Like Amazon, most legacy products were originally developed as monolith applications – complex, chunky, multi-tier systems, built, tested, packaged and shipped as a single unit. All of the business logic ran in a single app server.

The problem? Monolith applications are becoming operational mammoth in the modern age for the following reasons:

  • Scaling is complicated and expensive. You need to scale the entire application even if you want to fix a localized bottleneck.
  • Complex deployments. You are losing time-to-market, as new code deployments need careful orchestration, scheduled downtimes and maintenance windows. You cannot ship new functionality or updates as quickly as a couple of times per week or even per day.
  • Single codebase is often hard to assess for new team members. It requires careful maintenance and meticulous updating to avoid breaking any dependencies. Bloated code bases can hamper IDE performance, and require longer deployment push times if the services are developed in the cloud.
  • Single programming language. The application is written in one programming language that might be outdated. Introducing a new-gen tech stack is challenging.
  • Testing times are slow. Due to the complexity of monolith architecture, testing can take a lot of time. Automated testing techniques, e.g. regression testing are also hard to implement as they require building up a history of a large suite of regression tests. Otherwise, a small change may create a large negative ripple effect on the entire product.

Service Oriented Architecture (SOA) emerged as an alternative to monolith applications in the early 2000s. Essentially, this software architecture also involves the deployment of services – an application that handles a certain process and delivers that service to other components via a communication protocol.

Service-oriented applications typically include a strict hierarchy of services. First come, the topmost level services that control the overall flow of activities and invoke one or more businesses services, depending on the users’ action.

The second level consists of services that fulfil a specific business task, e.g. validate a user’s email address. The third level includes data-access services – each of them handles tasks related to reading/writing data to data-storage areas.

Although both SOA and microservices architecture assume the use of loosely coupled services, there are some major differences in terms of how these architectures function and what goals they accomplish.

Microservices vs. SOA: Quick Comparison Chart

SOA

Microservices

Granularity

Services can vary in size and range from single-feature applications to full-feature products or sub-systems.

One service is designed to accomplish one task perfectly.

Communication Protocols

Relies on Enterprise Service Bus (ESB) as a middleware component.

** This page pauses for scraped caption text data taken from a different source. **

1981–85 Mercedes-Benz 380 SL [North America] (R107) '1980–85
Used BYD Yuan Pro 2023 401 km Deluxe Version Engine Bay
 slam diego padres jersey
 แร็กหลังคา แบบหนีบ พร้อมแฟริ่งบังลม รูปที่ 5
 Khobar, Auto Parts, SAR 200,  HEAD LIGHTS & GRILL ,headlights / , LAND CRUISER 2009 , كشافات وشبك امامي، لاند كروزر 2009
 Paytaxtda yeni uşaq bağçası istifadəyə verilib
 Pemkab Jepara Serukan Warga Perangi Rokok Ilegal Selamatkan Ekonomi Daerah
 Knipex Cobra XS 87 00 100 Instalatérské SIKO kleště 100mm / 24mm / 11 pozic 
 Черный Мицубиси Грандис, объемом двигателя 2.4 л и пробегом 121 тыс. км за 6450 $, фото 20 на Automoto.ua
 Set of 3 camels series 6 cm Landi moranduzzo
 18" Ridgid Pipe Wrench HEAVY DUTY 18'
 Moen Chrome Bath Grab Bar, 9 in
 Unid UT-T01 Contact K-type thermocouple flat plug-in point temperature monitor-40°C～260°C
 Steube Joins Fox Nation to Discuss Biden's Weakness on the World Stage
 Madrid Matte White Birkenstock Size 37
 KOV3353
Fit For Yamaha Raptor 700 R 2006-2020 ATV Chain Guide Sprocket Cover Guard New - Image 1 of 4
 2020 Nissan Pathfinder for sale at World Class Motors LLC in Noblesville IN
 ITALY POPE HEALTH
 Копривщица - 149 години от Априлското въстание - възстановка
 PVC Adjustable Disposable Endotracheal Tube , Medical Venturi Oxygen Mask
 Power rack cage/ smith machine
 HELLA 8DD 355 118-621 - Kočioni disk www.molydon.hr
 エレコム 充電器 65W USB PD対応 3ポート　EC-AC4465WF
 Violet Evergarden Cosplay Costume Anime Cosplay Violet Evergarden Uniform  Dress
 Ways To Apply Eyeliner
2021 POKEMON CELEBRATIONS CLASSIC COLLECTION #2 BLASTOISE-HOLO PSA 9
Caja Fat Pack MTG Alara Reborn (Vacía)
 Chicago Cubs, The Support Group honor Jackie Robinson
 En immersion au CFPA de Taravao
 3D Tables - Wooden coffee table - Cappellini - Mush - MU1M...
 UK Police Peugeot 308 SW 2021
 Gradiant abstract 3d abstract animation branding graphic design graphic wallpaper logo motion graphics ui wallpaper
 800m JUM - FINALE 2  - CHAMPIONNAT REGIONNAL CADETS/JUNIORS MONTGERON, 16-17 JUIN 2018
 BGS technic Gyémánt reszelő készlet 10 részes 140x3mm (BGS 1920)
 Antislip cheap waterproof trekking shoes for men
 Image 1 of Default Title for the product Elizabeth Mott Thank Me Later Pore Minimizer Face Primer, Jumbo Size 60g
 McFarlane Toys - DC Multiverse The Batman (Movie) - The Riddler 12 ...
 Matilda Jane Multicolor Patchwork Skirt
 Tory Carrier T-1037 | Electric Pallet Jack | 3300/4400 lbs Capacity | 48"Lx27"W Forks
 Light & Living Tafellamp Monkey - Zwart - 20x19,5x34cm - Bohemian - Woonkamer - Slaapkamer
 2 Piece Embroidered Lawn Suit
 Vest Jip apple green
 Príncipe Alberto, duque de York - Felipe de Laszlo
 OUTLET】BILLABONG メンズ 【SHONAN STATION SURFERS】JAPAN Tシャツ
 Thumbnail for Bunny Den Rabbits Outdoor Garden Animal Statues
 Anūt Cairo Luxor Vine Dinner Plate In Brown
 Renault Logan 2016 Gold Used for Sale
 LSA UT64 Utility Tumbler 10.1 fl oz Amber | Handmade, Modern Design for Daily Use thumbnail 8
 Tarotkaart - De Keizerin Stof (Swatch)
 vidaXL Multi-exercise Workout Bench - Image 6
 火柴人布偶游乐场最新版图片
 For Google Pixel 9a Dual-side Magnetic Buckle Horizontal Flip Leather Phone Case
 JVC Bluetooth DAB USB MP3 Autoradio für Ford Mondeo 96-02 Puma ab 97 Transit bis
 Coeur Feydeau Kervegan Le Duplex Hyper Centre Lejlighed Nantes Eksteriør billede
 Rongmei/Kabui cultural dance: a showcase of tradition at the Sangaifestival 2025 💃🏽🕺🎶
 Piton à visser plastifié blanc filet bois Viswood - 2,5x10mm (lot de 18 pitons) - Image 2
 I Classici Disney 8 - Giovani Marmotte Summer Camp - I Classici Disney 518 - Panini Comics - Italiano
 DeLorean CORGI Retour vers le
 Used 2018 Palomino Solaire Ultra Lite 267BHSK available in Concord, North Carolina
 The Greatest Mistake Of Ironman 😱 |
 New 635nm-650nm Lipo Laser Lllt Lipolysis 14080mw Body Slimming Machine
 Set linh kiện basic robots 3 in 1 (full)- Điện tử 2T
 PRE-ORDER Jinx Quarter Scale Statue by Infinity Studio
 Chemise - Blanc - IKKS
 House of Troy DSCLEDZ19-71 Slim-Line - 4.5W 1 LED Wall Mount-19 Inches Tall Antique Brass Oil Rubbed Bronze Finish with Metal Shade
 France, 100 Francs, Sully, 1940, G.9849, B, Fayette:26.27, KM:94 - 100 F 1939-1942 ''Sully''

Uses messaging protocols such as AMQP, MSMQ and SOAP as primary remote access protocols.

Has an API layer between services and services consumers. Uses homogenous protocols including REST and simple messaging (JMS, MSMQ).

Component Sharing

Promotes and enhances component sharing between different application components. Relies on multiple services to fulfill a request.

Minimizes component sharing through “bounded context”. Each service is designed to run independently from others and require no knowledge of the underlying implementation or architecture of other microservices.

DevOps and CD

Occasionally incorporated

Strong focus

Flexibility

A systematic change requires modifying the monolith.

A systematic change stands for creating a new service.

Data Storage

Shared between services.

Independent for each service.

Containers

Rarely used.

Microservices rely on containers to be self-sustaining and self-running.



Let’s dwell further on the last point. To understand how to develop microservices architecture, you will also need to learn more about containers.

Why Containers and Orchestration Frameworks are Essential for Microservices Architecture

Containerizing a service means that it is packaged in a “box” with everything it needs to function properly – code, runtime, system tools and libraries.

Containers enable developers to simultaneously build and ship different microservices; integrate them with other systems and automatically orchestrate them using predefined rules and processes. This translates to higher productivity, better code quality and faster time-to-market. The essential container tools we advise to take a look at are Docker, rkt, and Microsoft Containers.

However, containers will bring little value to your product lifecycle without proper orchestration, as your team will struggle to keep tabs on all things. Managing a distributed and auto-scaling container-based system requires DevOps expertise and modern tools.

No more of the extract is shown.